Oper · Theater

Rusalka



Antonín Dvořáks Oper über das Schicksal der in einen Menschen verliebten Wasserfrau ist ein Märchenklassiker, aber alles andere als ein Kinderstück.

Es geht um erwachende Sexualität und um Missverständnisse zwischen den Geschlechtern, die verheerende Folgen haben. Das 1901 uraufgeführte Werk ist eine von zahlreichen künstlerischen Auseinandersetzungen mit dem Wasserfrauensujet, das in der Romantik seine typische Ausprägung erhielt und um 1900 psychologische Vertiefung erfuhr. Der Librettist und Regisseur Jaroslav Kvapil wollte eine dezidiert tschechische Variante der Geschichte schaffen.

Er kombinierte Elemente von Friedrich de la Motte Fouqués Undine (1811), Hans Christian Andersens Die kleine Meerjungfrau (1837) sowie von Gerhart Hauptmanns Märchendrama Die versunkene Glocke (1896) und fand dann in Dvořák den kongenialen künstlerischen Partner. Die Uraufführung im Prager Nationaltheater am 31. März 1901 brachte sogleich einen großen Erfolg.

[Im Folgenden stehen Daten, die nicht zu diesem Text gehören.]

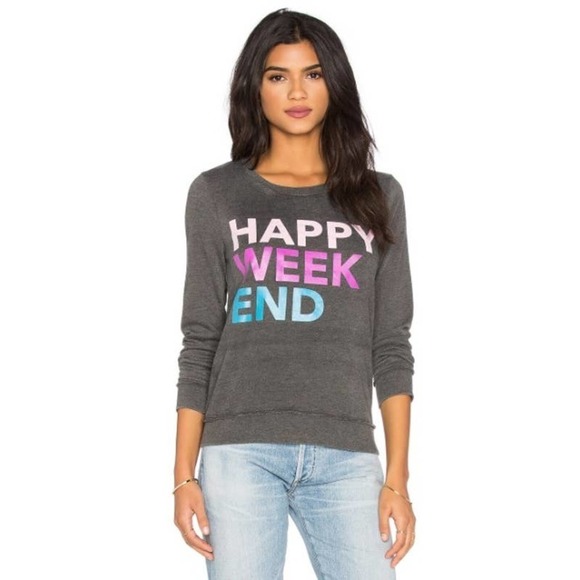 Chaser NWT Happy Weekend Grapjic Crewneck Long Sleeve Tee Charcoal Size Medium - Picture 1 of 6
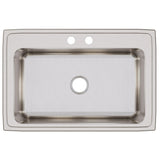 Elkay Lustertone Classic 33" Drop In/Topmount Stainless Steel Kitchen Sink, Lustrous Satin, 2 Faucet Holes, DLRS3322102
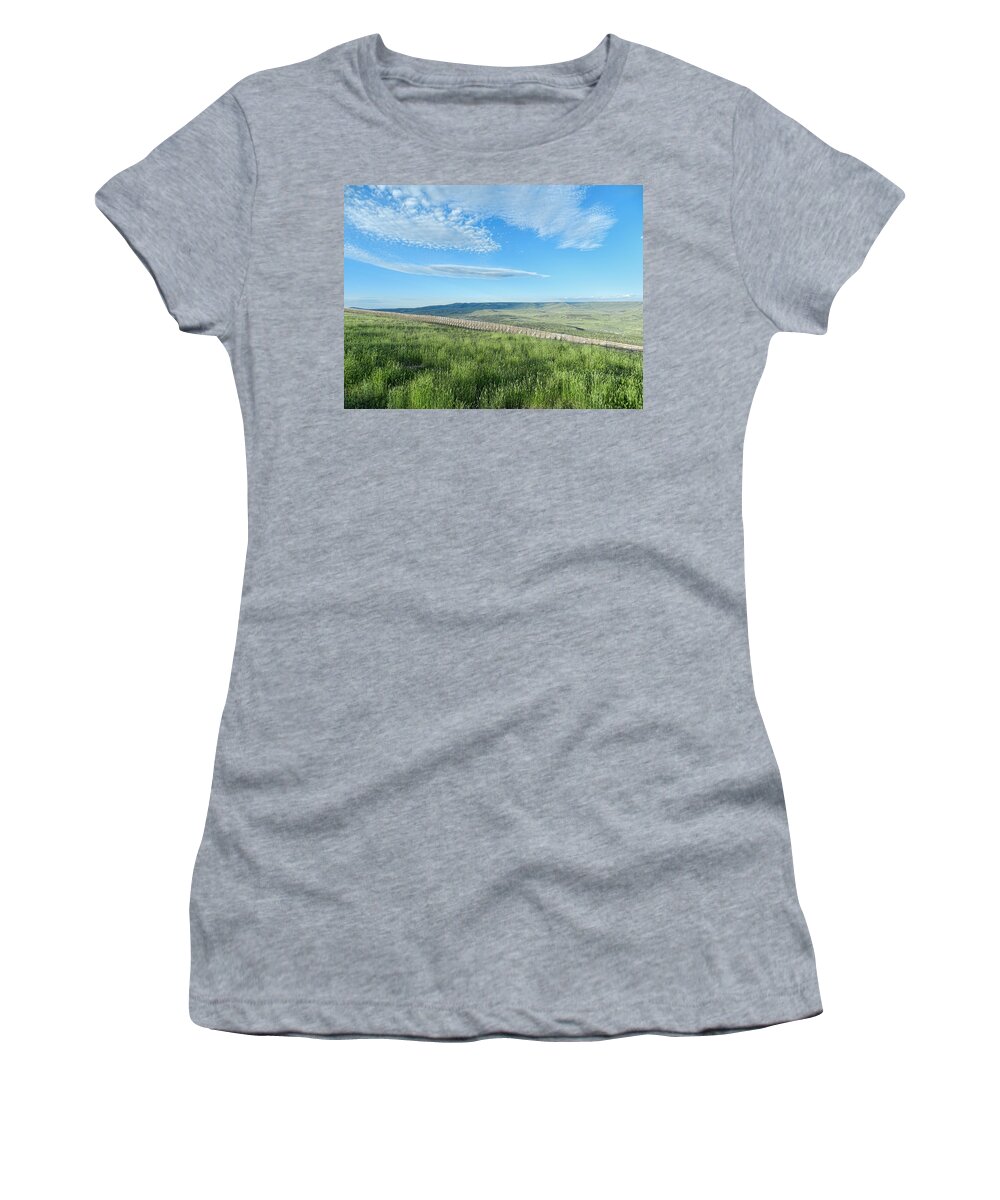 Wyoming Women's T-Shirt featuring the photograph Wyoming Snow Fence by Cathy Anderson
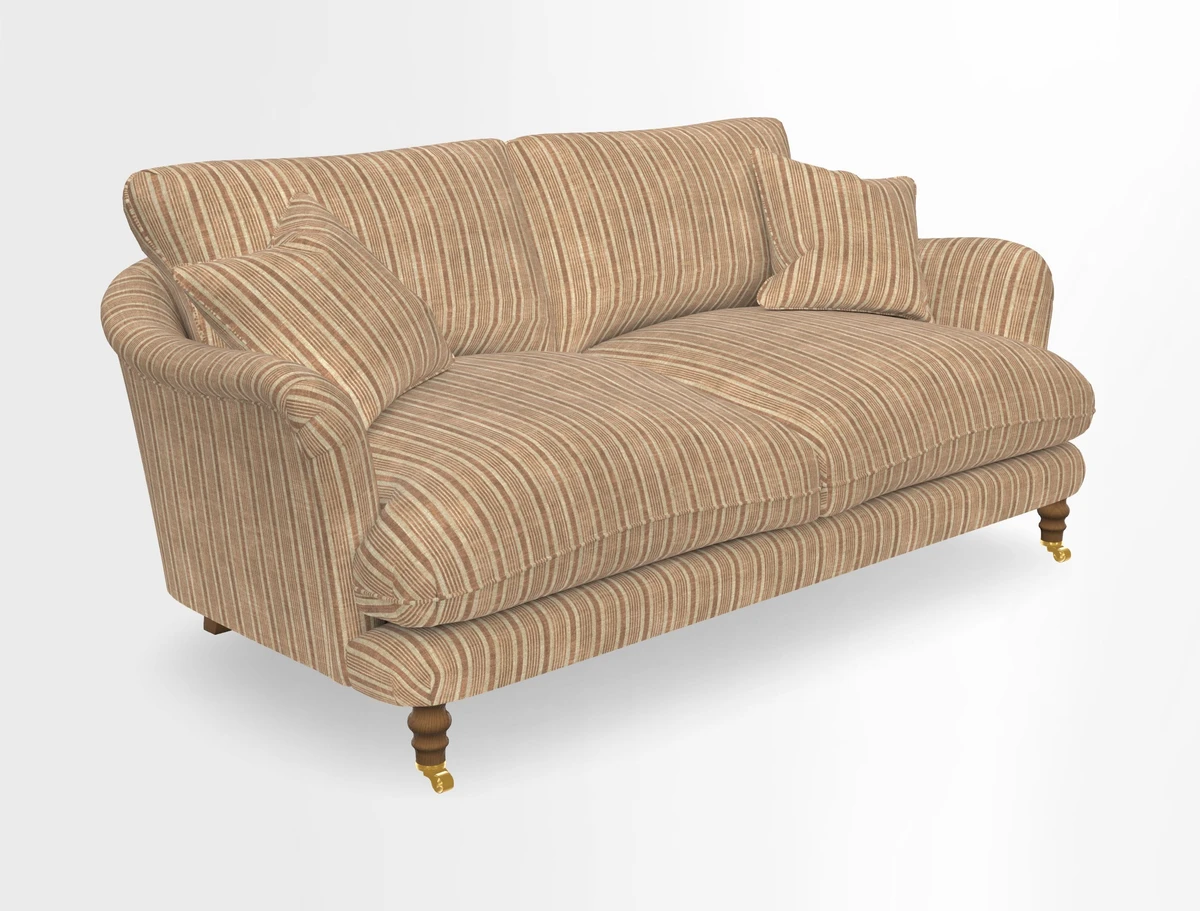 Pugin 3 Seater Sofa in V&A Threads of India Varanasi Wilderness Ink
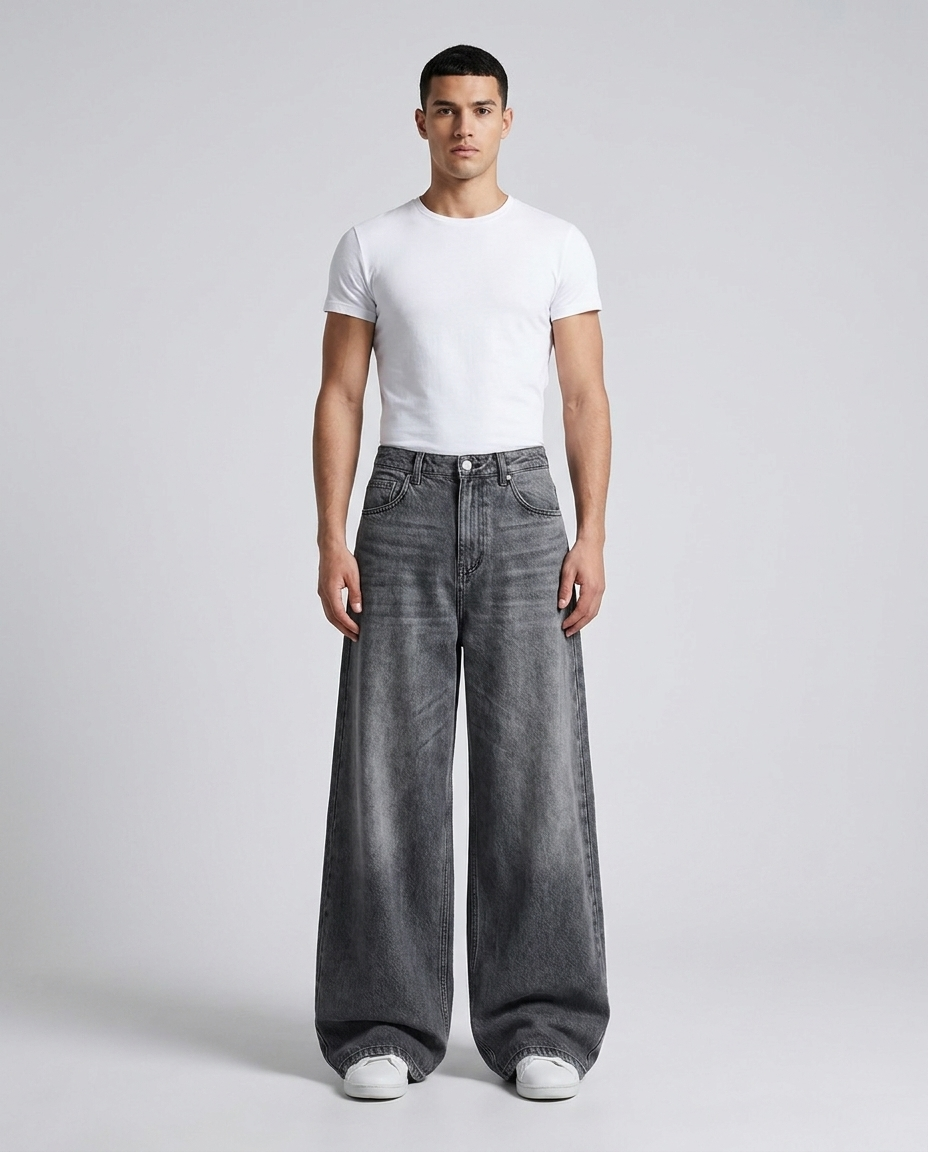 Maxout Jeans Fog Grey on model — mega baggy fit covering sneakers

Dvořák, der auch ein umfangreiches sinfonisches Werk geschaffen hat, präsentiert sich hier in seiner vorletzten Oper einmal mehr als Meister subtiler Instrumentationskunst, die magische Stimmungen nuancenreich hervorzuzaubern vermag.

Zudem musste er das Kunststück schaffen, eine Hauptfigur, die über weite Teile der Oper stumm ist, trotzdem musikalisch präsent zu halten – dies gelingt ihm mittels einer differenzierten Leitmotivik – Rusalka hat als einzige Figurein eigenes Motiv, auch wenn sie nicht singt, ist ihre musikalische Signatur in das Geschehen eingewoben. Ihr ist zudem als Instrument die Harfe zugeordnet, zauberhaft und körperlos ist sie Substitut für ihre Stimme. Alle anderen Motive sind nur mit Situationen verbunden, Dvořáks verwebt sie filigran ineinander und erreicht so eine berauschende Einheit trotz des auch in der Musik gewahrten Gegensatzes zwischen Natur- und Menschenwelt. Letztere behandelt er eher traditionell und volkstümlich, die Wasserwelt Rusalkas hingegen gestaltet er in Harmonik und Melodik sehr ausgefallen. Bezwingend schön wirkt bis heute die Melodie, die er für die verliebte Rusalka fand – ihr Lied an den Mond ist in Musik geronnene Sehnsucht nach Unerreichbarem.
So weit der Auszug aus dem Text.